This podcast was recorded in 2017 in Brooks Hotel, at our Writing and Directing Masterclass which took place 29th May. With a room full of WFT members and guests, accomplished filmmaker Aisling Walsh shared her tips, advice, and experience in a dedicated Q&A led by Una Mullally.
About Aisling Walsh
Over the last two decades, Walsh has cemented a reputation as one of Ireland’s pre-eminent filmmakers in both feature film and television formats. Her celebrated work as a writer and director includes some of the most recognised Irish films in recent years, including Elizabeth Is Missing (2019), Maudie (2016) and Song for a Raggy Boy (2003), as well as Daisy Chain (2007) and Joyriders (1988). Her long and illustrious history of working with the BBC has produced some lauded TV, including An Inspector Calls (2015), A Poet in New York (2014) Room at the Top (2013) Wallander (2012) Fingersmith (2005) Sinners (2002). Walsh has won three BAFTA television awards.

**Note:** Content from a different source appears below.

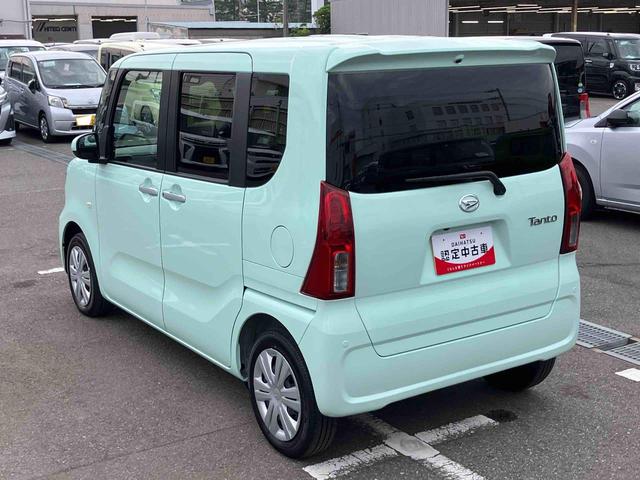 タントＸ　エコアイドル非装着車エコアイドル非装着車　バックカメラ　左側パワスラ　シートヒーター　電動駐車ブレーキ　ＬＥＤヘッドライト　オートライト　オートＡＣ　上下２段調節式デッキボード　コーナーセンサー　衝突被害軽減ブレーキ（千葉県）の中古車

Walsh’s celebration of the isolated and marginalized have seen her move with effortless ease between both the film and television mediums, long before current trends. From graduating in Fine Art at the now Dún Laoghaire Institute of Art Design and Technology to becoming the first Irish graduate of the National Film School at Beaconsfield in the UK, Walsh has carved a rich and exciting career known for her political and thought-provoking social commentary, and is considered one of Ireland’s most celebrated filmmakers.
Walsh’s career has seen her collaborate with some of the most distinguished and accomplished actors working today, including Aidan Quinn, Kenneth Branagh, Sally Hawkins, Miranda Richardson, Tom Hiddleston, Alfred Molina, Tom Hollander, Rhys Ifans, David Thewlis, Iain Glen and Helen McCrory. Cinematographers such as Martin Fuhrer, Guy Godfree, Lukas Strebel, and editors Alex Mackie and Stephen O’Connell.